Phase 5: WAIT for ALL baseline agents to complete

DO NOT restore files until every single baseline agent has finished and you have saved its timing data. This is critical — restoring early creates a race condition where agents that haven't fully initialized yet may pick up the restored files.

Phase 6: Restore all files (ALWAYS — even if baselines errored)

Restoration is non-negotiable. If agents fail, time out, or you hit any error — restore FIRST, debug second. Leaving user config renamed breaks all future Claude sessions.

# Only after ALL baselines are done (or failed):
for f in $(find "$BACKUP_DIR" -type f); do
  REL_PATH="${f#$BACKUP_DIR/}"
  mv "$f" "{project-root}/$REL_PATH"
done

# Restore user-level files (if they were renamed with user consent):
for f in ~/.claude/CLAUDE.md.bak ~/.codex/AGENTS.md.bak ~/.cursor/AGENTS.md.bak; do
  [ -f "$f" ] && mv "$f" "${f%.bak}"
done

# Restore memory dirs:
find ~/.claude/projects -type d -name "memory_bak" -exec sh -c 'mv "$1" "${1%_bak}"' _ {} \; 2>/dev/null

Phase 7: Git checkout

Baseline agents may have modified project files during their runs:

cd {project-root} && git checkout .

With-Skill Runs

For with-skill runs, all instruction files are on disk (auto-loaded). Additionally have the agent read the root file explicitly:

You are being evaluated. Read the file {path-to-instruction-file} first,
then follow ALL instructions in it exactly.

Your task: {eval prompt}

Save outputs to {workspace}/iteration-{N}/{eval-name}/with_skill/outputs/

Spawning Strategy

Launch ALL runs — all with-skill and all clean-baseline agents — but in two batches:

  1. Batch 1: All clean baselines (files are moved to /tmp/)
  2. Wait for all baselines to complete, restore files, git checkout
  3. Batch 2: All with-skill runs (files are back on disk)
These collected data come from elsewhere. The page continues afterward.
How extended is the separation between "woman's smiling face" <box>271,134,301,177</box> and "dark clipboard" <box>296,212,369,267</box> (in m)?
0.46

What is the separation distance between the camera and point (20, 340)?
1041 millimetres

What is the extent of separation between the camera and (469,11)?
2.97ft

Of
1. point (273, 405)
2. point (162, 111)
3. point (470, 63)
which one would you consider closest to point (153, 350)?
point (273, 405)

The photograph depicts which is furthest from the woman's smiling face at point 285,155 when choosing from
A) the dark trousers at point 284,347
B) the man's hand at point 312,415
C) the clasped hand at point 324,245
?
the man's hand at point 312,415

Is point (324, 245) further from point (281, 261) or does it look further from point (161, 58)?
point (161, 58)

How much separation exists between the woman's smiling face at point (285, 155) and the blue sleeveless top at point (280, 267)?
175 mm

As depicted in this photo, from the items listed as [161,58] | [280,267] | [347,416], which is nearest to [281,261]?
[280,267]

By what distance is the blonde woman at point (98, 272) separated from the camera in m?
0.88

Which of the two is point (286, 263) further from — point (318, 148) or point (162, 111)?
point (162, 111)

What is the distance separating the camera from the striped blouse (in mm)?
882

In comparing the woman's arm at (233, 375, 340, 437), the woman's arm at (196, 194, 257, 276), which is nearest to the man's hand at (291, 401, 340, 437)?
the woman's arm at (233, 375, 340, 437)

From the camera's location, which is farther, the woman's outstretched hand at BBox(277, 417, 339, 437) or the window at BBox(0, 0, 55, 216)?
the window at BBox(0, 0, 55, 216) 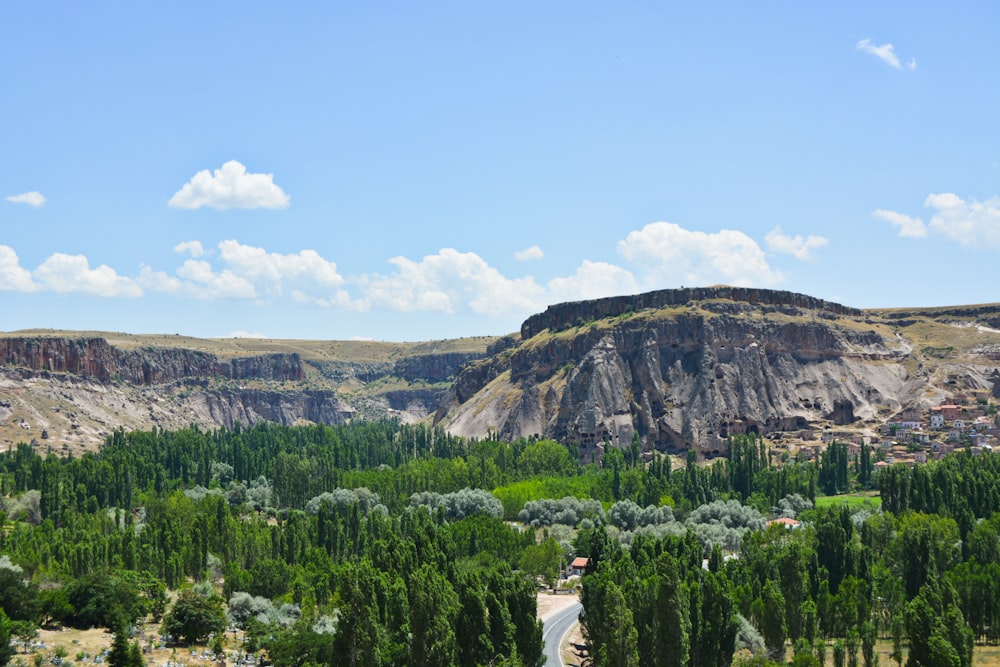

Within each batch, launch all agents in a single turn for parallelism.

Each agent should save:

  • Output files to outputs/
  • Full response text to outputs/response.md

Capture total_tokens and duration_ms from each task notification into timing.json.


Step 4: Grade and Benchmark

After all runs complete:

Grade Each Run

For each output, evaluate assertions. Prefer scripted checks over eyeballing:

# Automated assertion check example
grep -cP 'companyCollection' outputs/response.md

Save results to grading.json in each run directory. The eval viewer expects this exact schema:

{
  "eval_id": 6,
  "eval_name": "descriptive-name",
  "config": "with_skill",
  "expectations": [
    { "text": "Assertion description", "passed": true, "evidence": "How you verified" }
  ]
}

The expectations array MUST use fields text, passed, and evidence — not name/met/details.

Build the Benchmark

Create benchmark.json. The eval viewer expects this exact schema:

{
  "metadata": { "skill_name": "agents-md", ... },
  "runs": [
    {
      "eval_id": 6,
      "eval_name": "descriptive-name",
      "configuration": "with_skill",
      "run_number": 1,
      "result": {
        "pass_rate": 0.833,
        "passed": 5,
        "failed": 1,
        "total": 6,
        "time_seconds": 162.5,
        "tokens": 76318,
        "tool_calls": 0,
        "errors": 0
      },
      "expectations": [
        { "text": "...", "passed": true, "evidence": "..." }
      ]
    }
  ],
  "run_summary": {
    "with_skill": {
      "pass_rate": { "mean": 0.793, "stddev": 0.124, "min": 0.667, "max": 1.0 },
      "time_seconds": { "mean": 169.5, "stddev": 31.5, ... },
      "tokens": { "mean": 69800, "stddev": 12502, ... }
    },
    "without_skill": { ... },
    "delta": { "pass_rate": "+0.067", "time_seconds": "-13.9", "tokens": "+13460" }
  }
}

Critical: configuration must be "with_skill" or "without_skill" — the viewer keys on these exact strings. Put each with_skill entry before its without_skill counterpart.

Aggregate with the bundled script:

python {this-skill-path}/scripts/aggregate_benchmark.py {workspace}/iteration-N --skill-name agents-md

Key Metrics

For each assertion, classify it:

  • Non-discriminating: Passes in BOTH configs (rule is dead weight — the codebase teaches it)
  • Discriminating: Passes with-skill only (rule earns its place)
  • Inversely discriminating: Fails with-skill, passes baseline (rule may be hurting)
  • Always failing: Fails in both (rule isn't followed, or assertion is wrong)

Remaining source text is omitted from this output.